MADRID >> Spain’s governing center-left Socialists won the country’s election today but must seek backing from smaller parties to maintain power, while a far-right party rode an unprecedented surge of support to enter the lower house of parliament for the first time in four decades.
Voters in Spain had become disillusioned as the country struggled with a recession, austerity cuts, corruption scandals, divisive demands for independence from the restive Catalonia region and a rise in far-right nationalism not seen since Spain’s dictatorship ended in the 1970s.
With 99% of ballots counted, the Socialists led by Prime Minister Pedro Sánchez won 29% of the vote, capturing 123 seats in the 350-seat Congress of Deputies. The new far-right Vox party made its national breakthrough by capturing 10% of the vote, which would give it 24 seats.
Vox’s success came at the expense of the once-dominant conservative Popular Party, which fell to 66 seats, losing more than half of its representation since the last election in 2016. The conservatives also lost votes to the center-right Citizens party, which will increase its number of seats from 32 to 57.
“We told you that we were going to begin a reconquering of Spain and that’s what we have done,” Vox leader Santiago Abascal said, in reference to the 15th-century campaign by the Spanish Catholic Kings to end Muslim rule in the Iberian Peninsula.
Vox, which was formed five years ago, has promised to defend Spain from its “enemies,” citing feminists, liberal elites and Muslims among others.

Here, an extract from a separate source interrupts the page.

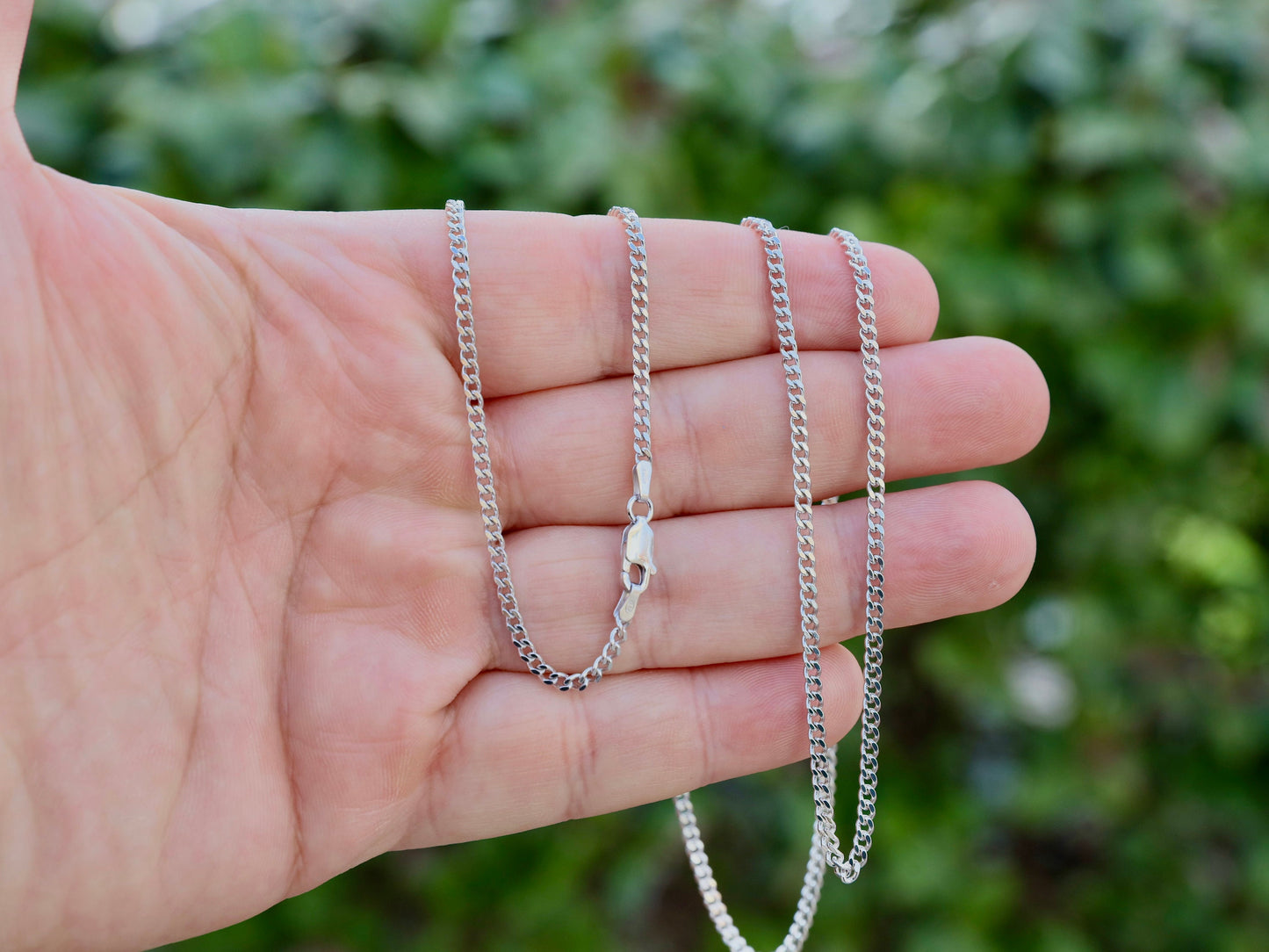 Cadena chapada en rodio con corte de diamante brillante y cierre de langosta: cadena Panzer resistente para colgantes religiosos, tamaños de 18 a 23,5 pulgadas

Its emergence on the national stage gives Spain five political parties, furthering political fragmentation in a country that was alternately ruled for decades by the Socialists and the Popular Party.
To stay in office, the Socialists and Sánchez must form a governing alliance with smaller parties, including the far-left United We Can led by Pablo Iglesias.
Iglesias said after the vote the he “would have liked a better result, but it’s been enough to stop the right-wing and build a left-wing coalition government,” adding that he’s already offered support to Sánchez.
But Sánchez will still need 11 more seats to get the 176-seat majority he needs in the lower house of parliament, meaning he may be forced to make pacts with Catalan and other separatist parties — moves that would anger many Spaniards on the left and the right.
Pablo Casado, who had steered the Popular Party further to the right to try to stop it from losing votes to Vox, called the ballot the country’s “most decisive” in years. Polls only a week ago showed that about one-third of Spain’s nearly 37 million voters were still undecided.
Turnout in today’s vote was around 75%, up more than 8 points since the previous election in 2016. The vote surge included a huge boost in the northeastern Catalonia region, which has been embroiled in a political quagmire since its failed secession bid in 2017 put separatist leaders in jail while they are tried.
The arrival of Vox in Madrid’s national parliament marks a big shift for Spain, where the far right has not played a significant role since the country’s transition to democracy following the death of dictator Gen. Francisco Franco in 1975.
The Popular Party and the Citizens party had focused their campaigns on unseating Sánchez, hinting they could create a conservative coalition government — with the backing of Vox — like a regional one that recently ousted the Socialists from southern Andalusia.
Speaking today after voting, Sánchez said he wanted a mandate to undertake key social and political reforms.
The prime minister said he wanted “a stable government that with calmness, serenity and resolution looks to the future and achieves the progress that our country needs in social justice, national harmony” and in fighting corruption.
At the Palacio Valdes school in Madrid, voter Alicia Sánchez, a 38-year-old administrator, worried about the influence of Vox.
“I’ve always come to vote, but this time it feels special. I’m worried about how Vox can influence policies on women and other issues. They are clearly homophobic. Reading their program is like something from 50 years ago,” she said.
Having voted in all elections since Spain returned to democratic rule four decades ago, Amelia Gómez, 86, and Antonio Román, 90, said they had little faith in any of the candidates.
“All I want is for whoever wins to take care of the old people,” Gómez said, complaining that together the two of them receive less than 1,000 euros ($1,100) a month in state pensions.